▸ **RECORD EXTRACTS**:
++++++++++++++++++++
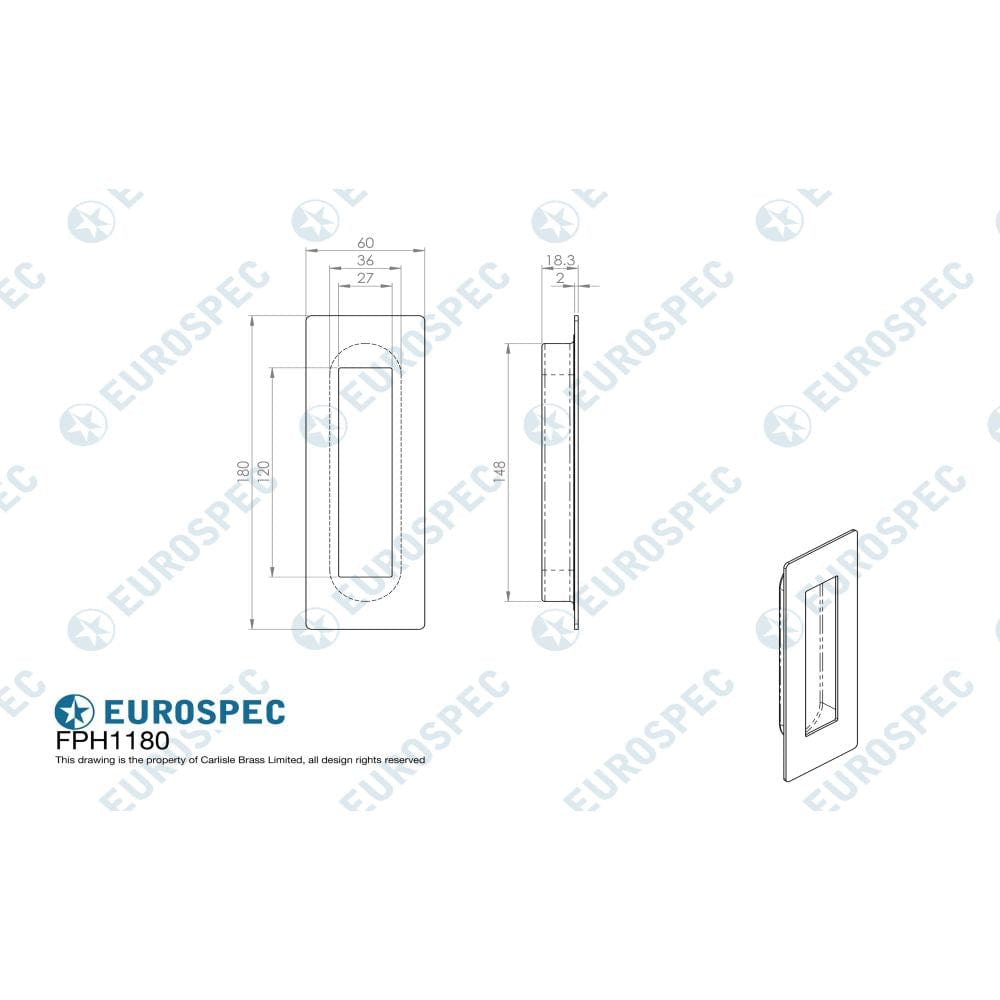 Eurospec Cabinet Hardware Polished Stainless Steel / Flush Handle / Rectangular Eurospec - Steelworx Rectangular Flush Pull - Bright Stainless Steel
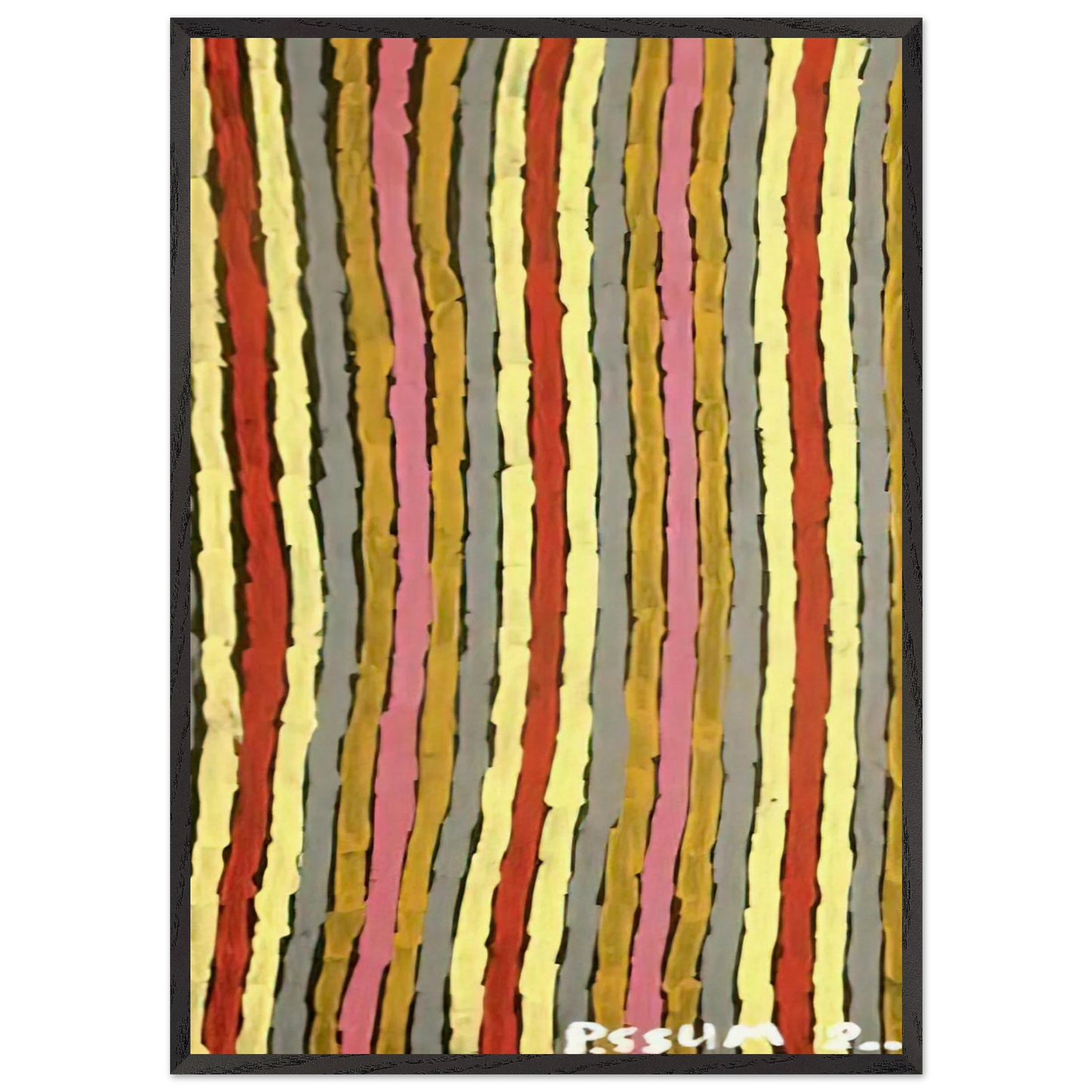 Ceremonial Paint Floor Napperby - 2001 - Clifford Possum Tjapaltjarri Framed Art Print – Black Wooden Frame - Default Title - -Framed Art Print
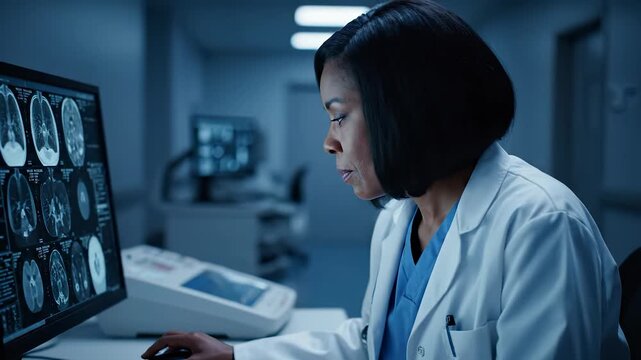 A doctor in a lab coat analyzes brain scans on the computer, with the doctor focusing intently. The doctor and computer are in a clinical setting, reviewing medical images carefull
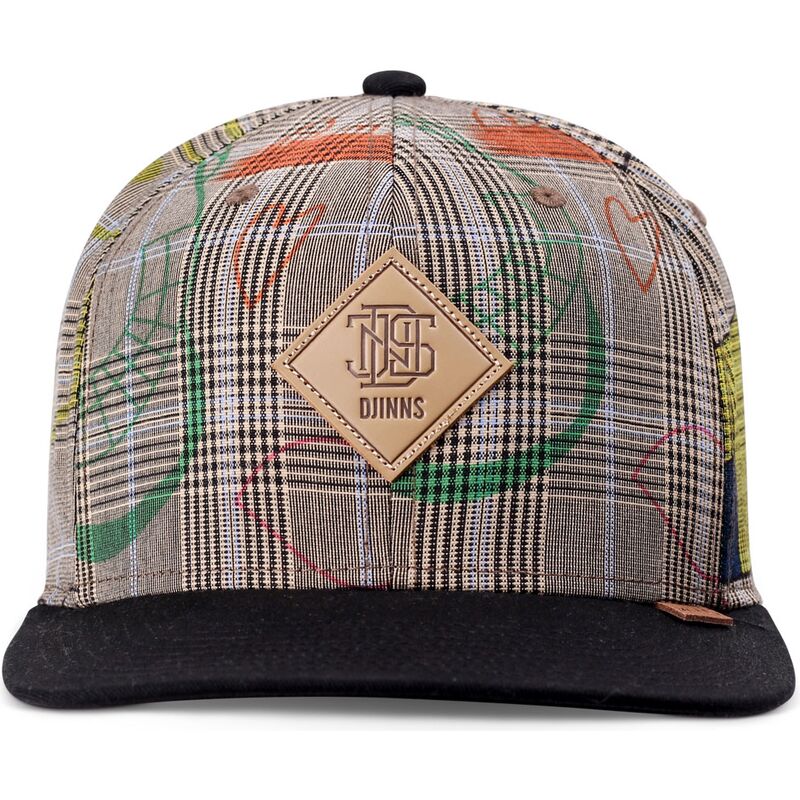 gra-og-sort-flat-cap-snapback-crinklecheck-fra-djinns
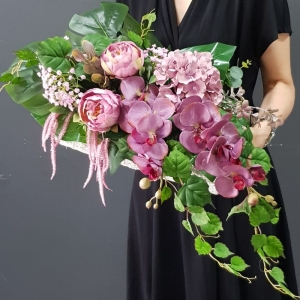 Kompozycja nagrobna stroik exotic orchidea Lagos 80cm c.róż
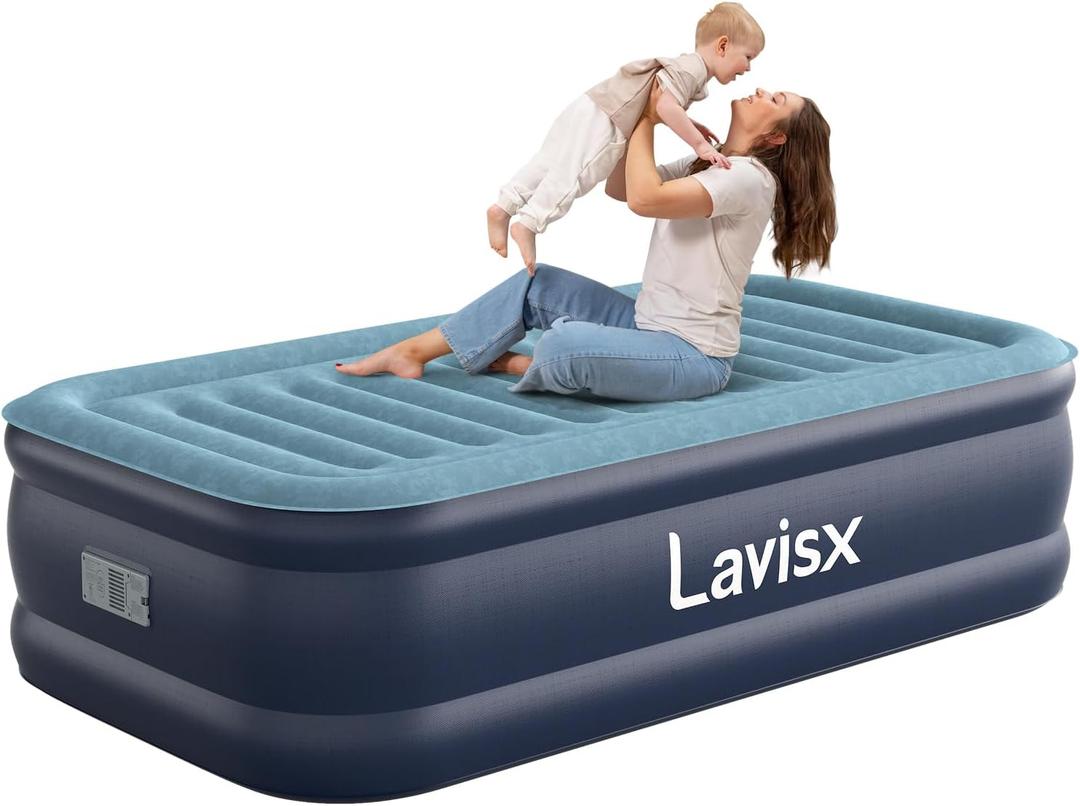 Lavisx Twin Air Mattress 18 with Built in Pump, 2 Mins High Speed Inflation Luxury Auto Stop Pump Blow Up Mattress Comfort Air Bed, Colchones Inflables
++++++++++++++++++++
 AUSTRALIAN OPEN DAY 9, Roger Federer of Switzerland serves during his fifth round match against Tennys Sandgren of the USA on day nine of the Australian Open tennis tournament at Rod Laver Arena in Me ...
++++++++++++++++++++
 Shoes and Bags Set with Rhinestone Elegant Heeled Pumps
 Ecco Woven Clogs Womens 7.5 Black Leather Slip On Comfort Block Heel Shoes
++++++++++++++++++++
▸ **EXERCISE GOAL**:
Nothing but the lines above from the line with "Kompozycja nagrobna stroik" up to and including the line with "Lavisx Twin Air" should be returned, exactly as written and without pictures.

▸ **EXERCISE ANSWER**:
 Kompozycja nagrobna stroik exotic orchidea Lagos 80cm c.róż
 Lavisx Twin Air Mattress 18 with Built in Pump, 2 Mins High Speed Inflation Luxury Auto Stop Pump Blow Up Mattress Comfort Air Bed, Colchones Inflables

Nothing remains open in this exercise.